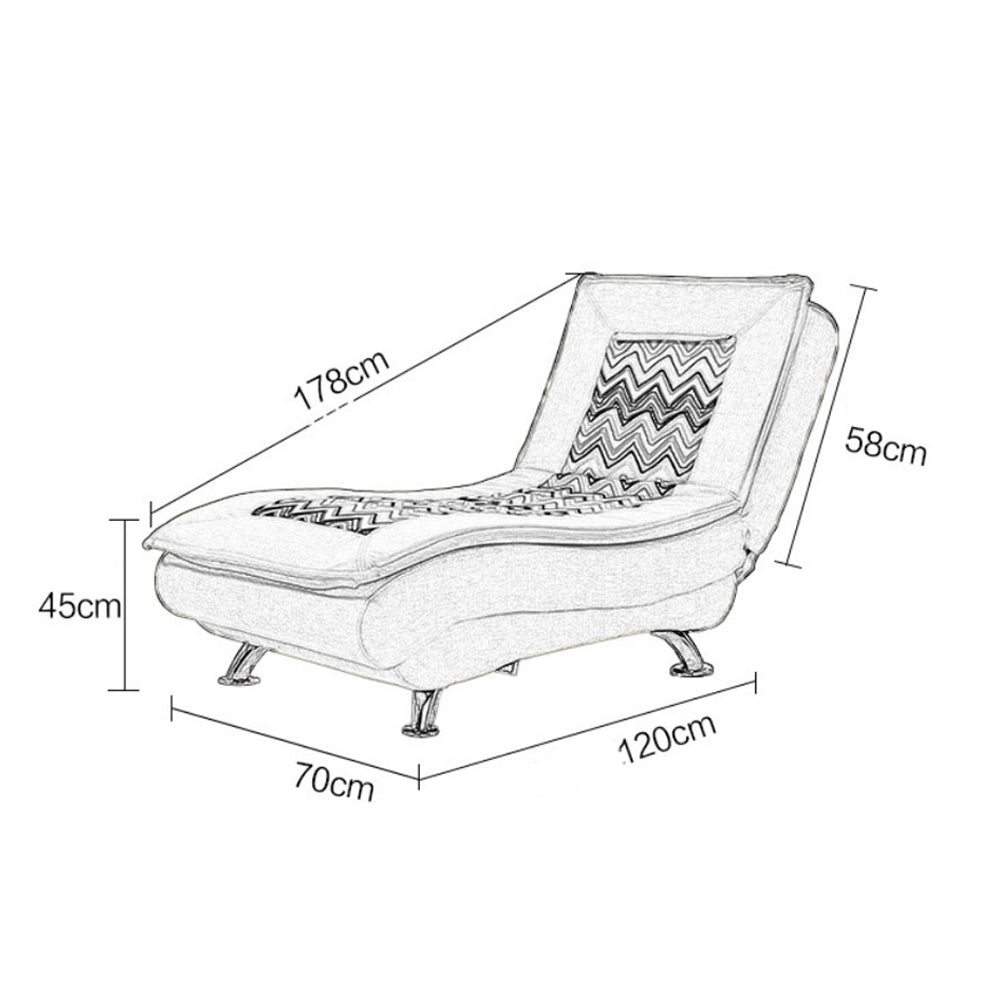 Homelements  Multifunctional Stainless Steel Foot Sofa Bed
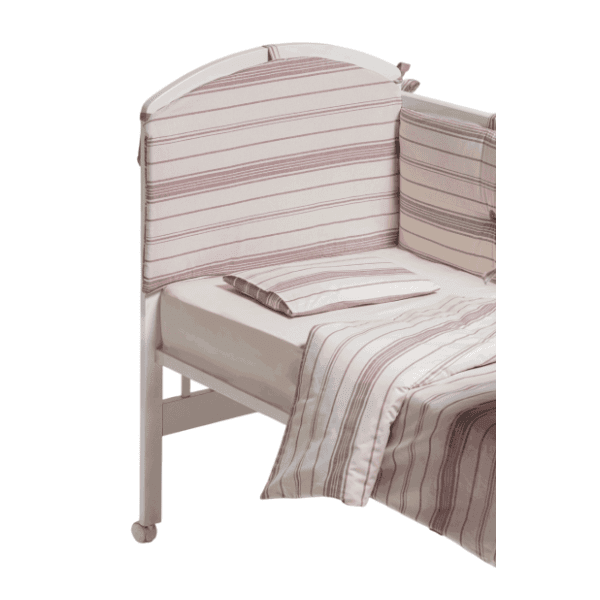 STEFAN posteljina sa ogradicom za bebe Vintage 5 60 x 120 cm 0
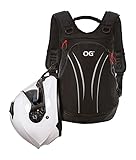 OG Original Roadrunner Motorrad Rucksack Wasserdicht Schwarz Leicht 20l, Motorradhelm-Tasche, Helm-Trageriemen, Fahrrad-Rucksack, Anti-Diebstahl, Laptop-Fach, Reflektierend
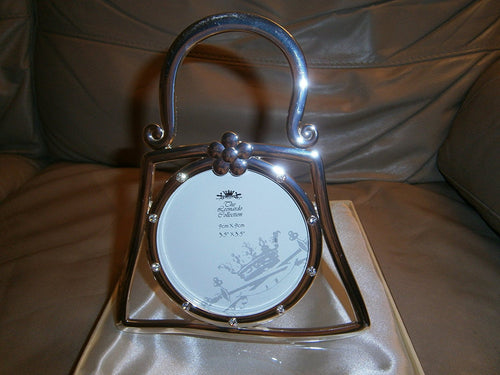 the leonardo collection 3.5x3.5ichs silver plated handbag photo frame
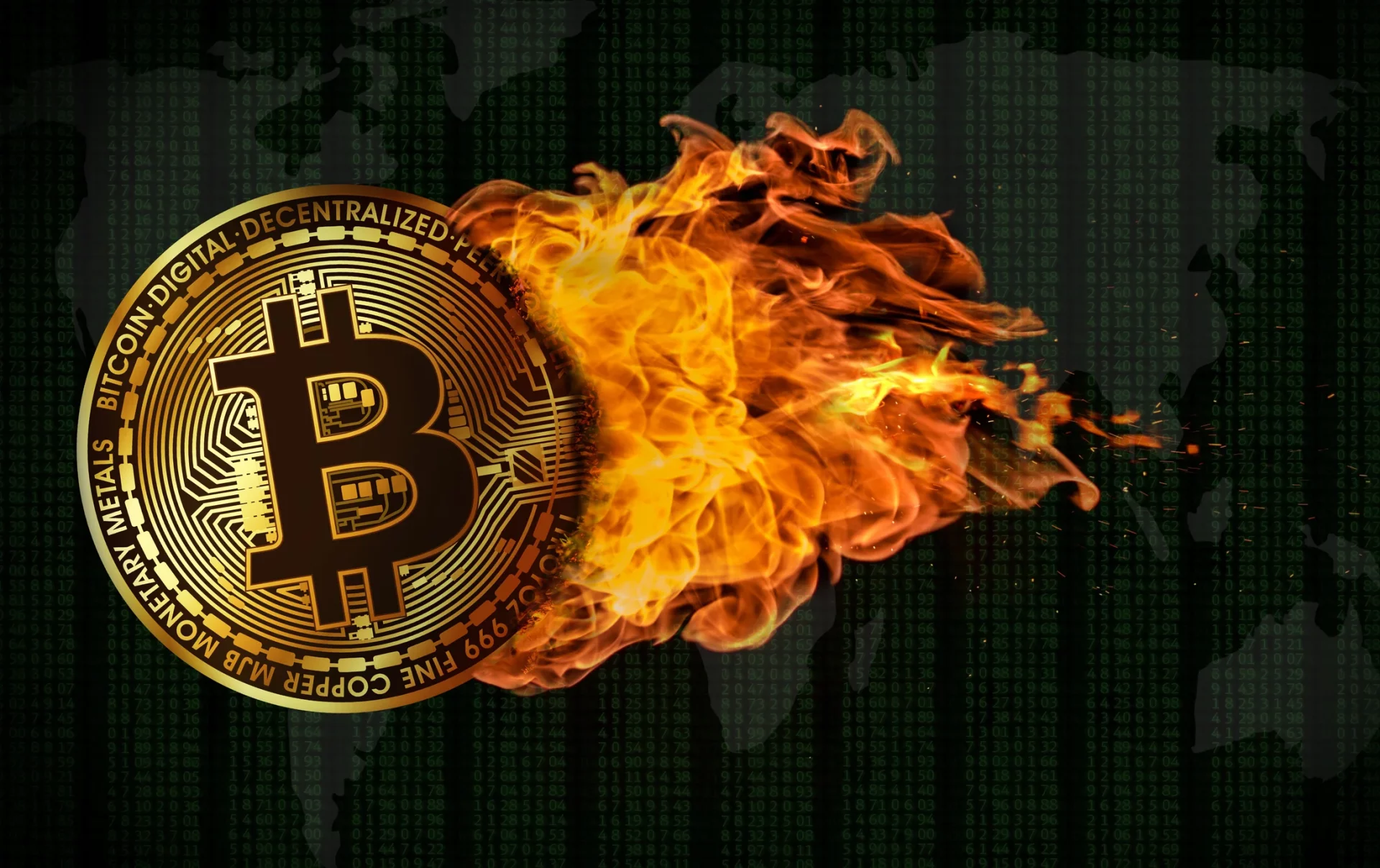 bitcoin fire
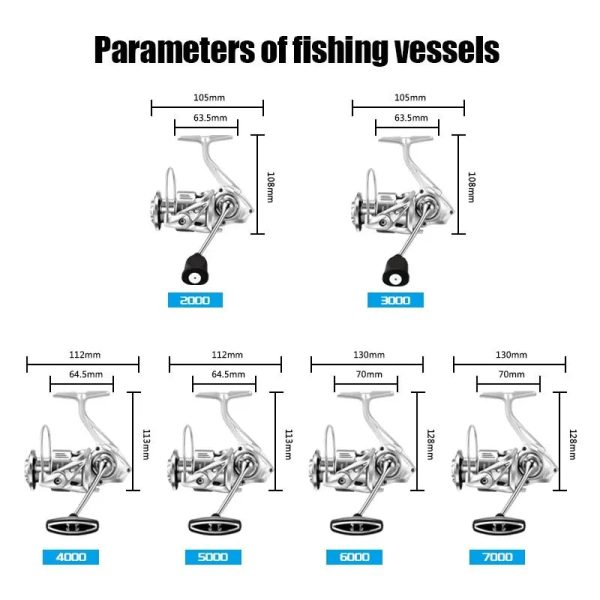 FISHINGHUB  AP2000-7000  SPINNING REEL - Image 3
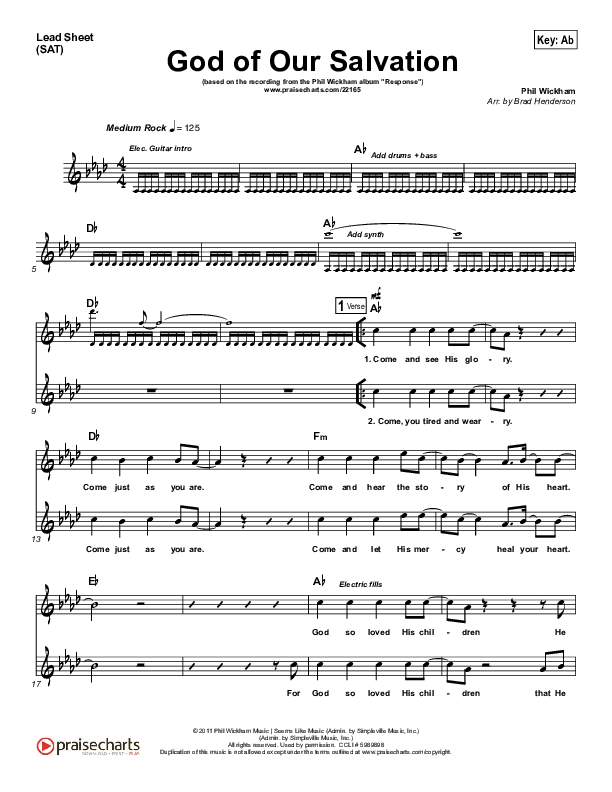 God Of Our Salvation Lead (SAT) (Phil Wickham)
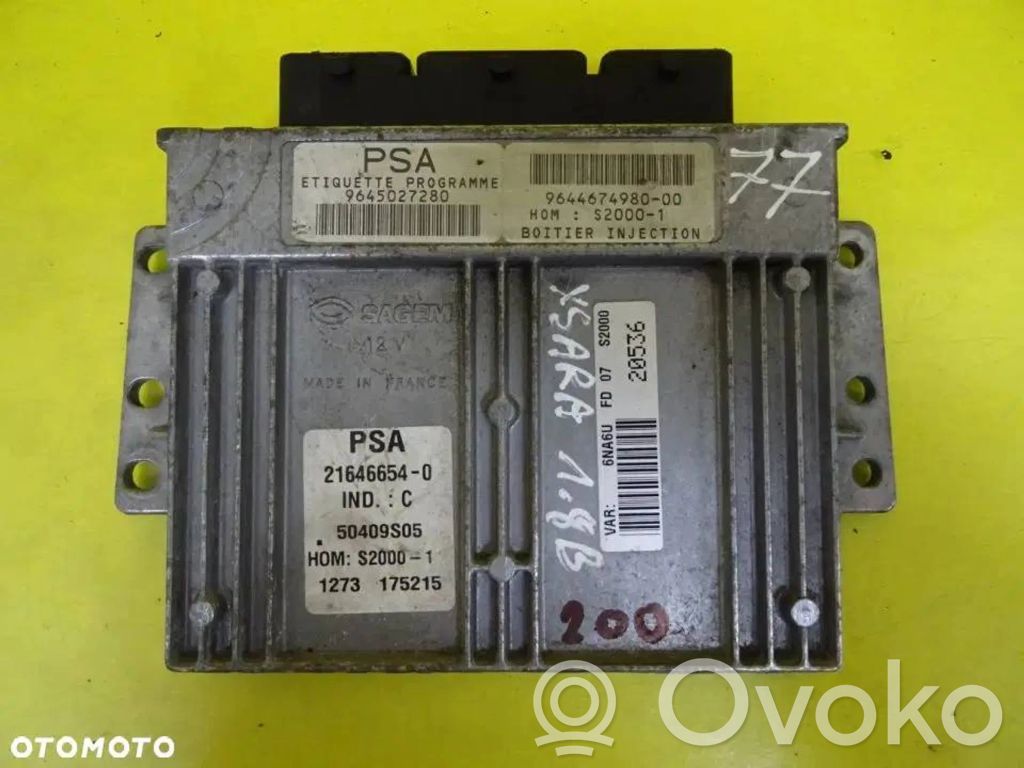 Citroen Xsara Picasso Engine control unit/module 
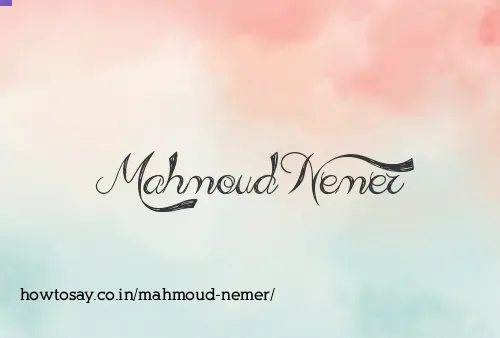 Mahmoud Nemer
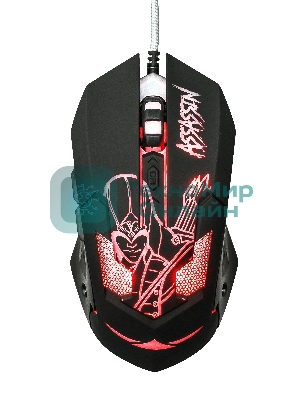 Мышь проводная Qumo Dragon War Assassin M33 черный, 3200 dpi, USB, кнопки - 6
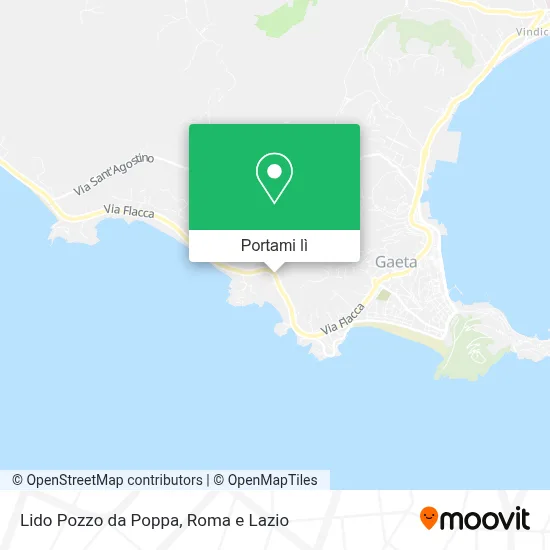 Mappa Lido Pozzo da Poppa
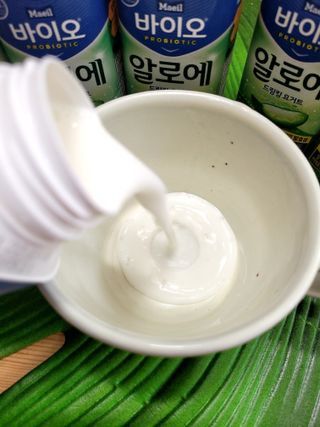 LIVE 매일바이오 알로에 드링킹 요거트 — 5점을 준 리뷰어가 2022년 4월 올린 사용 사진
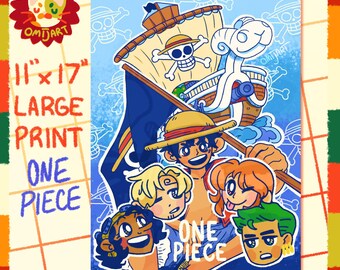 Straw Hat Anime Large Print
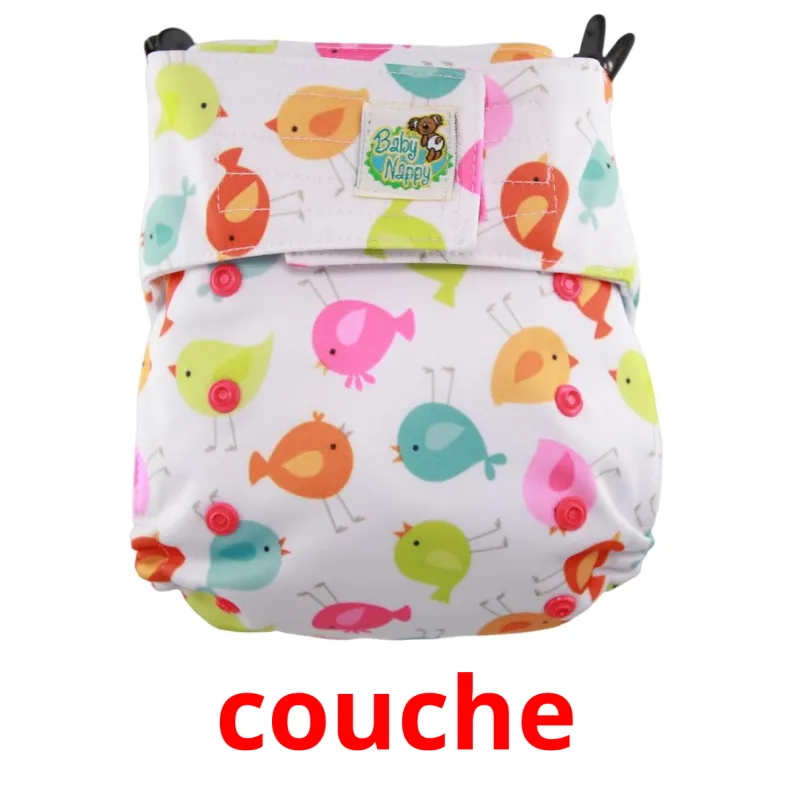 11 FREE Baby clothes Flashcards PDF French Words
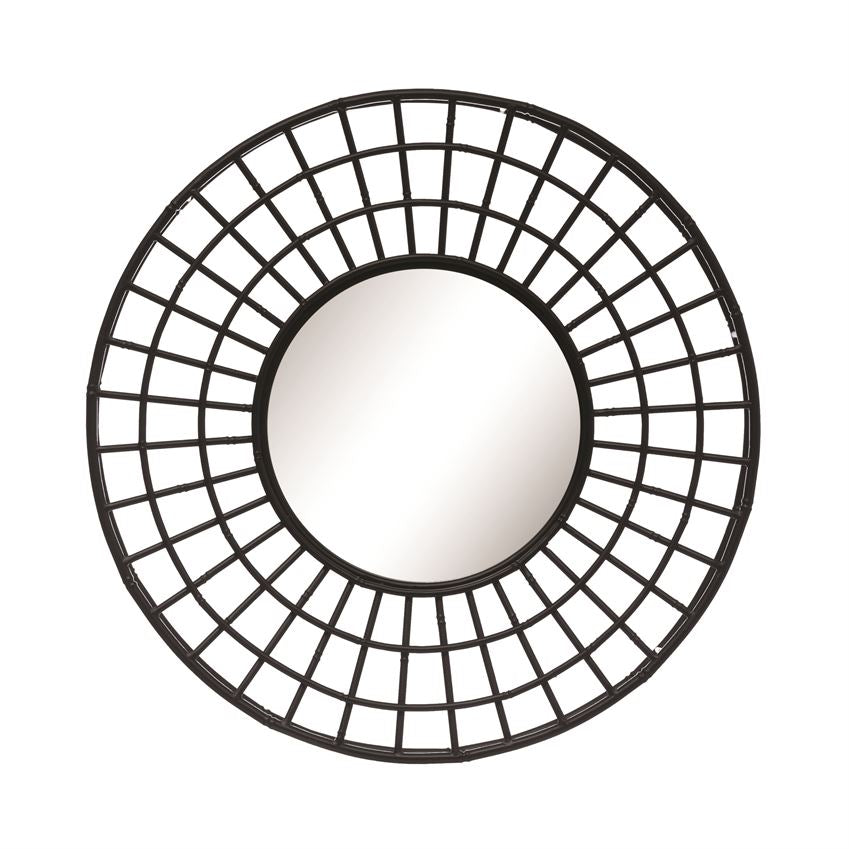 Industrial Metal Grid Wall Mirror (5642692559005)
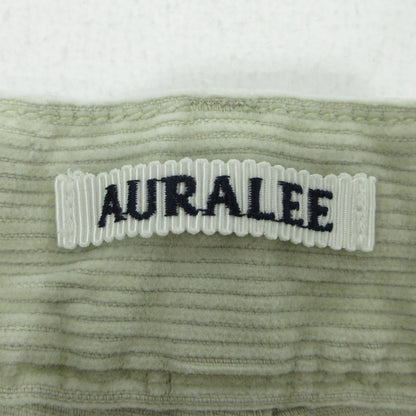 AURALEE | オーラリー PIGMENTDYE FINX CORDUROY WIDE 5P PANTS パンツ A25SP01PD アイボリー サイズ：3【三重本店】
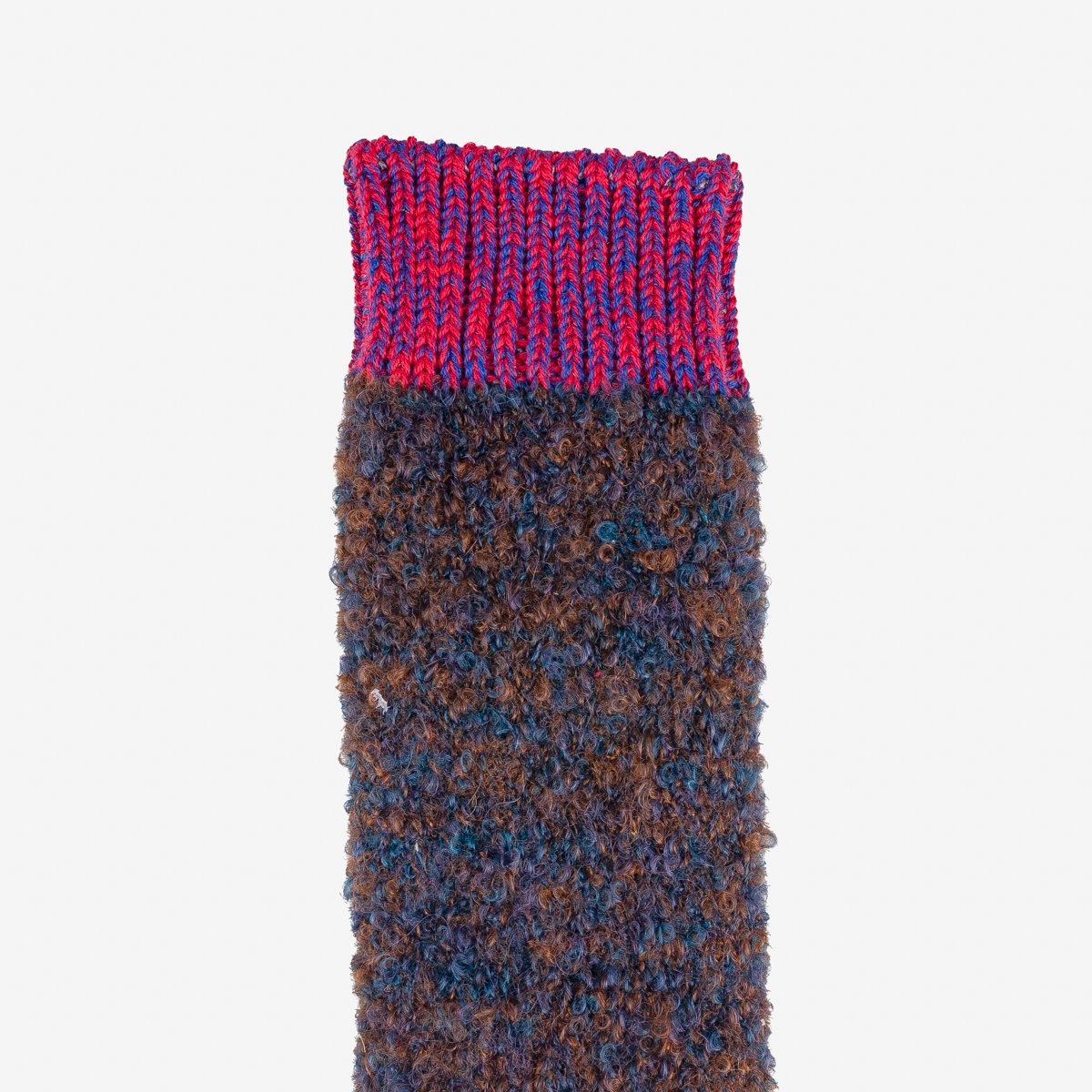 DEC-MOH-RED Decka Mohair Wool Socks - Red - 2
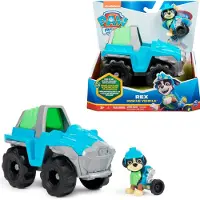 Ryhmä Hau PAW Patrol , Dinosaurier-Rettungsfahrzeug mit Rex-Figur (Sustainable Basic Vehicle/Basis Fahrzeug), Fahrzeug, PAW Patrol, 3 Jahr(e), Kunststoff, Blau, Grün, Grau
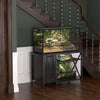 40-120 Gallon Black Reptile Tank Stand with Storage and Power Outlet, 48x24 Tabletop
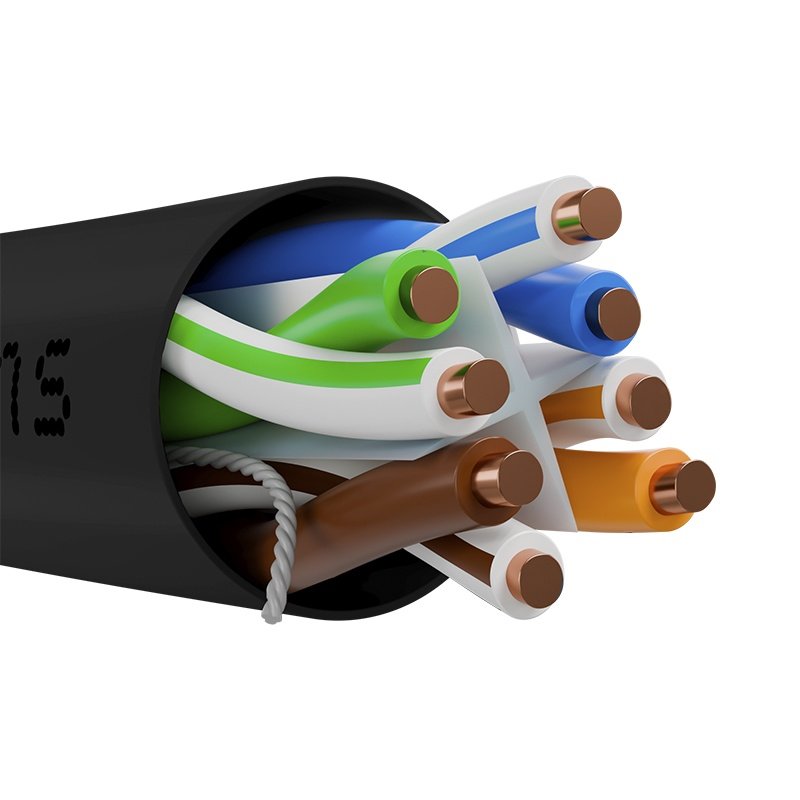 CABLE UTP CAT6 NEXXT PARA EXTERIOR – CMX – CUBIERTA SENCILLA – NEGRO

* **ASSIGNED TASK**
Could the entries above be retyped exactly, with the pictures left out?

* **WRITTEN REPLY**
 Homelements  Multifunctional Stainless Steel Foot Sofa Bed
 STEFAN posteljina sa ogradicom za bebe Vintage 5 60 x 120 cm 0
 OG Original Roadrunner Motorrad Rucksack Wasserdicht Schwarz Leicht 20l, Motorradhelm-Tasche, Helm-Trageriemen, Fahrrad-Rucksack, Anti-Diebstahl, Laptop-Fach, Reflektierend
 the leonardo collection 3.5x3.5ichs silver plated handbag photo frame
 bitcoin fire
 FISHINGHUB  AP2000-7000  SPINNING REEL - Image 3
 God Of Our Salvation Lead (SAT) (Phil Wickham)
 Citroen Xsara Picasso Engine control unit/module 
 Mahmoud Nemer
 Мышь проводная Qumo Dragon War Assassin M33 черный, 3200 dpi, USB, кнопки - 6
 Mappa Lido Pozzo da Poppa
 LIVE 매일바이오 알로에 드링킹 요거트 — 5점을 준 리뷰어가 2022년 4월 올린 사용 사진
 Straw Hat Anime Large Print
 11 FREE Baby clothes Flashcards PDF French Words
 Industrial Metal Grid Wall Mirror (5642692559005)
 AURALEE | オーラリー PIGMENTDYE FINX CORDUROY WIDE 5P PANTS パンツ A25SP01PD アイボリー サイズ：3【三重本店】
 DEC-MOH-RED Decka Mohair Wool Socks - Red - 2
 Ryhmä Hau PAW Patrol , Dinosaurier-Rettungsfahrzeug mit Rex-Figur (Sustainable Basic Vehicle/Basis Fahrzeug), Fahrzeug, PAW Patrol, 3 Jahr(e), Kunststoff, Blau, Grün, Grau
 40-120 Gallon Black Reptile Tank Stand with Storage and Power Outlet, 48x24 Tabletop
 CABLE UTP CAT6 NEXXT PARA EXTERIOR – CMX – CUBIERTA SENCILLA – NEGRO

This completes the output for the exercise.